Performance metrics for SAN environments help to give those within your organization the powerful, real-time and actionable information that they need to make the most informed decisions possible. It’s important to understand that performance analysis is not an exact science and is much more of an art form, however. The numbers themselves only tell one part of a much larger story. How you choose to interpret those numbers and the steps that you take thereafter are what will ultimately make the difference between success and failure.
The Percentage of SP Cache Dirty Pages
SP Cache Dirty Pages exist in a write cache and are pages that have already received new data from hosts, but have not yet flushed that data to disk. This percentage should always be relatively high as it increases the chance of additional writes to the same block of data that will ultimately be absorbed by the cache.
The Percentage of SP Utilization
If your SP utilization is at or above 75%, you can expect application response time to increase as a result. If you’re performing non-disruptive upgrades, however, your SP utilization will need to be at 50% or below.
SP Response Time
This number, which is commonly measured in milliseconds, should be under 10 milliseconds at all times. If one of your SPs has a high utilization and response time and the other has a low response time, one of the two is likely using more resources from the array.

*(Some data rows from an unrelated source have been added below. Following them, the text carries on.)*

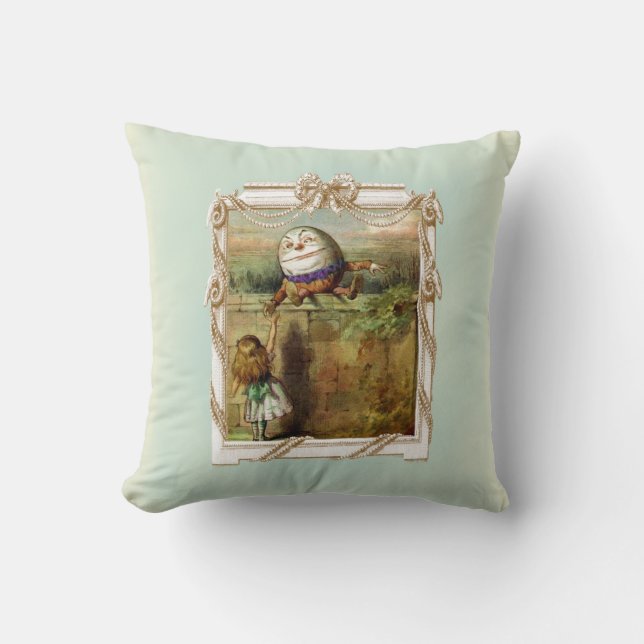 Humpty Dumpty and Alice Throw Pillow (Front)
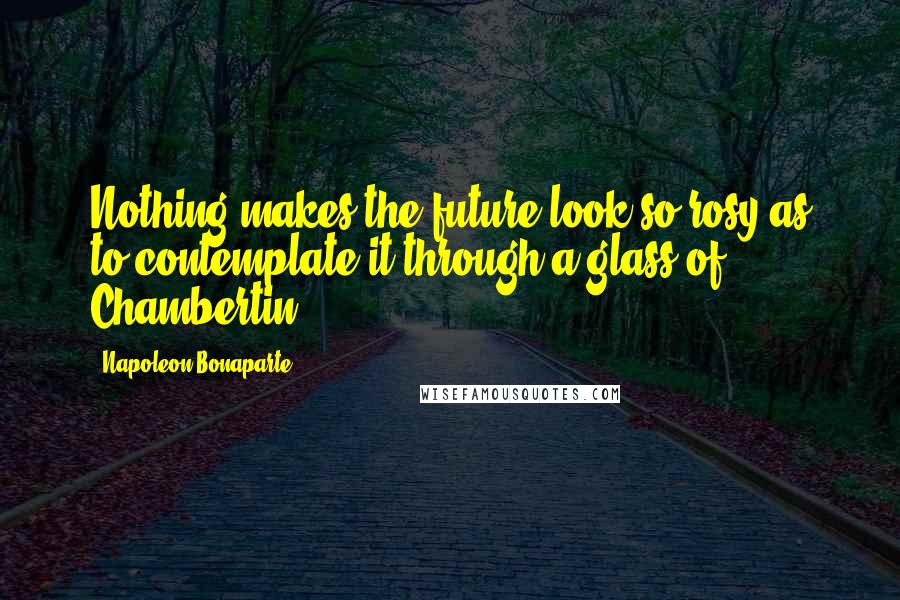 Napoleon Bonaparte Quotes: Nothing makes the future look so rosy as to contemplate it through a glass of Chambertin.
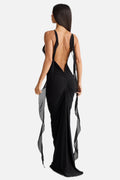 Women's Lace Midi Dress with Open Back and Draped Ruching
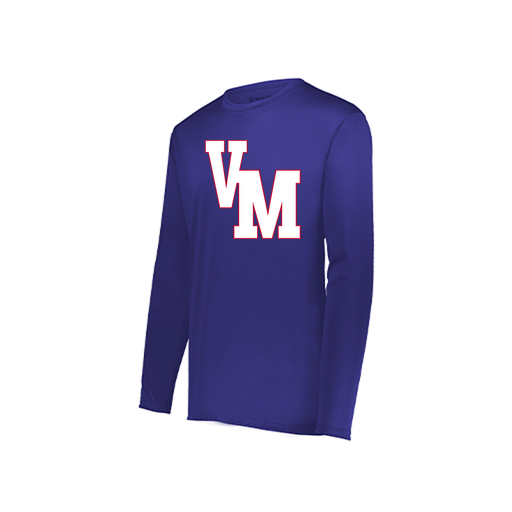 [222822.747.XS-LOGO2] Men's LS Smooth Sport Shirt (Adult XS, Purple, Logo 2)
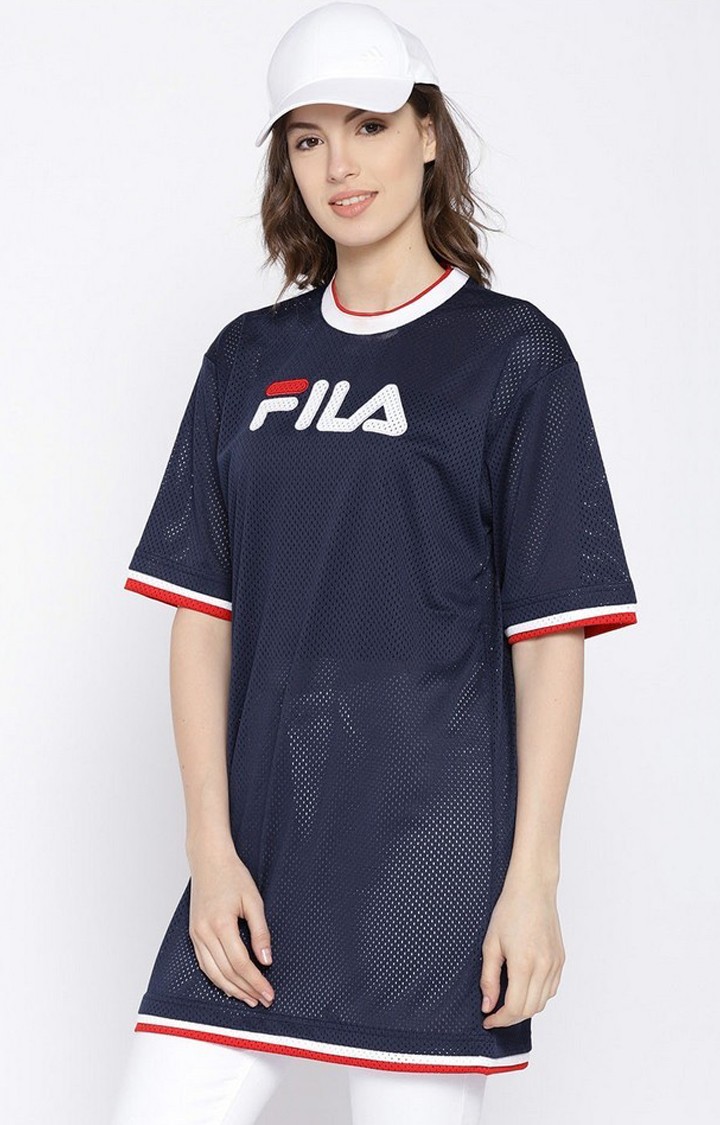 Women's Blue Polyester Activewear Tops
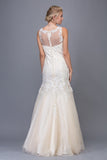 Illusion Mermaid Lace Wedding Gown Ivory/Champagne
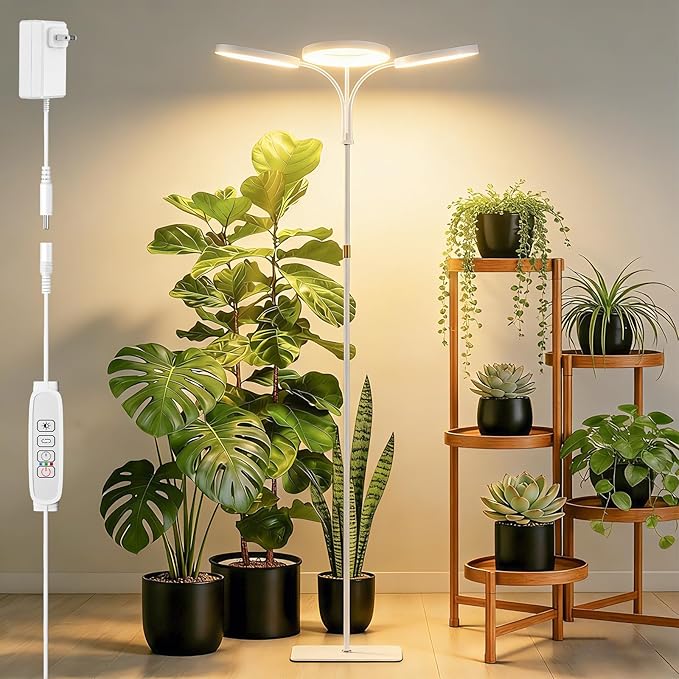 SDOVUERC Full Spectrum Grow Light with Stand for Indoor Plants, Floor Plant Light, 6/12/18H Timer, 3 Color Modes, Adjustable Height 16.5–68in, for Large Plants & Home Décor(Tri-Head,White)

The Percentage of LUN Utilization
This number gives you insight into the fraction of an observational period that exists when a LUN in your SAN environment has outstanding requests that have not yet been processed. If you are attempting to locate a bottleneck in your LUN, you will see this number rise very close to 100%.
LUN Queue Length
The LUN Queue Length simply refers to the average number of requests within a particular period of time that are currently registering as outstanding in the LUN in question. If you see a queue length of zero, this means that the LUN has become idle. Remember that only one request can be served at any given time, so there will usually be a few waiting in the queue. If your LUN is performing poorly, you can usually expect to see a queue length that is larger than “2” for any given disk drive in your environment.